TARRYTOWN, N.Y. — Tarrytown native Rob Yasinsac has a long history of documenting old, run-down buildings.

When he was still in high school, Yasinsac would take walks on the old Croton Aqueduct and see remnants of estates behind Lyndhurst and Sunnyside.

Curious about what they were, he photographed them and compared them to images in books that his photography teacher had lent him about Hudson Valley Architecture.

“I had the modern-day pictures and the historic images and I was able to piece the story of what used to be there,” he said.

He’d continue photographing old buildings near Lyndhurst, taking some of the last photographs of two buildings named Pinkstone and Graystone before they were demolished.

“These buildings are disappearing without anybody knowing or caring about them or even documenting them except for me and maybe a few others,” he said. “I wanted to go out and take more pictures of them.”

Yasinsac is one of the co-founders of Hudson Valley Ruins , a website dedicated to documenting historical buildings that have been neglected, abandoned or are threatened with demolition. Yasinsac runs the site in his spare time with Tom Rinaldi

During the day, Yasinsac works as the site manager of the Philipsburg Manor restoration in Sleepy Hollow. Yasinsac also works to save historical buildings that developers want to tear down.

Yasinsac was part of a group of people who tried unsuccessfully to have Yonkers’ Boyce Thompson Institute for Plant Research declared a landmark. He said it looked like the building was going to be redeveloped, but then the city gave the developer approval to tear it down.

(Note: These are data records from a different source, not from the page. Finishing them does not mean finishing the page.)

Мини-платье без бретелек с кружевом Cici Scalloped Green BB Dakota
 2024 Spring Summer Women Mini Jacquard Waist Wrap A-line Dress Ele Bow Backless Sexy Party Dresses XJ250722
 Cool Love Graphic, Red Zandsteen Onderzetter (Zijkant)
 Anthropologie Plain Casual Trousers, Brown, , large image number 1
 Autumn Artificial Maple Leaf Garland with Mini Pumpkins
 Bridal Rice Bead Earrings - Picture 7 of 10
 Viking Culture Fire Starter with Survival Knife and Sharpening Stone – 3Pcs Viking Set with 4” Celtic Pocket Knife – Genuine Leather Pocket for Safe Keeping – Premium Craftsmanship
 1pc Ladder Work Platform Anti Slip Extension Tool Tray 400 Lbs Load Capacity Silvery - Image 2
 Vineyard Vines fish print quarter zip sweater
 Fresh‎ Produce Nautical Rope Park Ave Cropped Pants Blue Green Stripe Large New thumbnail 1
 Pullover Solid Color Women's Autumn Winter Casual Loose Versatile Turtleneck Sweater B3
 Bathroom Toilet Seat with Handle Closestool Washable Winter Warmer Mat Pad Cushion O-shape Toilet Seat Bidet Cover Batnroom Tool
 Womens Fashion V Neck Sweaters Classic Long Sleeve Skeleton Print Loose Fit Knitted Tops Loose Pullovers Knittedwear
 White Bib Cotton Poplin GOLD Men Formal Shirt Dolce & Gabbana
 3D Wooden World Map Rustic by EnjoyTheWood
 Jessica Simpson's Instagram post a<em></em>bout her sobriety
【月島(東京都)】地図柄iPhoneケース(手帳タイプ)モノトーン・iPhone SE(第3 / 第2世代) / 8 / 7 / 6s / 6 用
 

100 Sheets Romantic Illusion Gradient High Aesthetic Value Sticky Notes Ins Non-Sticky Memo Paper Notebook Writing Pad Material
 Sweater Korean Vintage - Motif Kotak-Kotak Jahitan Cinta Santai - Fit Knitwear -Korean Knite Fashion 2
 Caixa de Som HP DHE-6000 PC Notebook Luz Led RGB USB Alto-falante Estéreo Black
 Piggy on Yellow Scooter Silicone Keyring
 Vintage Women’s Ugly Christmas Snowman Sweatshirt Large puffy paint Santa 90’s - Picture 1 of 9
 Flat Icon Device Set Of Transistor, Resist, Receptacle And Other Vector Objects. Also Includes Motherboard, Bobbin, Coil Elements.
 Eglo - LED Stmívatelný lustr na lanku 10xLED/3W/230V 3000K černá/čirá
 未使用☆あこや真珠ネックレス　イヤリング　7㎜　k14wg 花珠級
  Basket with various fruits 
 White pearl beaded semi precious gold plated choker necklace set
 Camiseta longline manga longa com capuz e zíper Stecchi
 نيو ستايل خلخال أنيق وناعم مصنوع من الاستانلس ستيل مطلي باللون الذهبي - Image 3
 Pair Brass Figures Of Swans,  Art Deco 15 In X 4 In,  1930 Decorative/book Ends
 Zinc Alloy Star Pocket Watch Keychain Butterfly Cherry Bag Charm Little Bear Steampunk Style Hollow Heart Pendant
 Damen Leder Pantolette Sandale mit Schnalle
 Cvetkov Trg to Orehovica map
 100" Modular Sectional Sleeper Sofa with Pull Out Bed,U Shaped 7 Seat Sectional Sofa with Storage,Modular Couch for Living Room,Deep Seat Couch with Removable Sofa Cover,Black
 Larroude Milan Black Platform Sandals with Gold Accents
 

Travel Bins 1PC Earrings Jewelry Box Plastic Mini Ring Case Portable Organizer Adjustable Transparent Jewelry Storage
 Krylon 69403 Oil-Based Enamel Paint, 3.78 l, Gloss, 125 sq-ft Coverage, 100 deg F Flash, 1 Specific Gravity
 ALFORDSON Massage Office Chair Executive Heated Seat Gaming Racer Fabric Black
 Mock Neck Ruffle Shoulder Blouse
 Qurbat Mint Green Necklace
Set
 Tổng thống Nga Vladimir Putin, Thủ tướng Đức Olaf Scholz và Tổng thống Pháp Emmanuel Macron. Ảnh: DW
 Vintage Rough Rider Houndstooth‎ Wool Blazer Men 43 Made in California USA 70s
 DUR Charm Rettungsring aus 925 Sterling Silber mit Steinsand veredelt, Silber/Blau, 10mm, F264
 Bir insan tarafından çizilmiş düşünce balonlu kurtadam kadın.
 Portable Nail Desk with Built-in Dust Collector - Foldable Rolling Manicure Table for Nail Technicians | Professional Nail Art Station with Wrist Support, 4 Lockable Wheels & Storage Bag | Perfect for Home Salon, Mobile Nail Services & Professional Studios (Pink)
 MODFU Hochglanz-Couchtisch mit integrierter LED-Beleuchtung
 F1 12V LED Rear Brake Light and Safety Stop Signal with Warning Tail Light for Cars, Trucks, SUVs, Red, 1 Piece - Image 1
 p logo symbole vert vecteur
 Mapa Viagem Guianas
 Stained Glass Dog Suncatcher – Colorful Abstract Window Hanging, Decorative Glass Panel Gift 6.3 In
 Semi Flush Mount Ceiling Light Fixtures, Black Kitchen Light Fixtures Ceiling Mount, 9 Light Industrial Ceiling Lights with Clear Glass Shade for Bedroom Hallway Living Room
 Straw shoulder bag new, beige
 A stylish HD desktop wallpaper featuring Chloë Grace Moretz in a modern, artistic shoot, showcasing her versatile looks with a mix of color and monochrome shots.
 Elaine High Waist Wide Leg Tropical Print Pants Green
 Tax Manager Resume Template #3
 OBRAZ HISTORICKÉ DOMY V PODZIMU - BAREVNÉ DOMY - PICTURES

“It was not declared a landmark, but the developer hasn’t proceeded with it one way or another,” Yasinsac said. “The building is still there. Maybe if we hadn’t said anything, he would have gone ahead, I don’t really know. But it’s nice to think that perhaps we did have an impact and that people might consider a use for that building.”

Yasinsac said public support for restoring and preserving historical buildings is mixed.

Some buildings, such as Tarrytown’s old Village Hall, were demolished instead of repurposed. Other buildings, such as the Irvington Public Library, have been restored or repurposed. Irvington’s Public Library was once a vacant factory and office.

“I think once people see that, they say ‘Oh, that’s a great thing. There should be more of it.’ But people have a hard time trying to get past the broken windows or spray paint,” he said. “They see little things like that and think you should tear a building down, but a few cosmetic effects don’t affect the building on a whole.”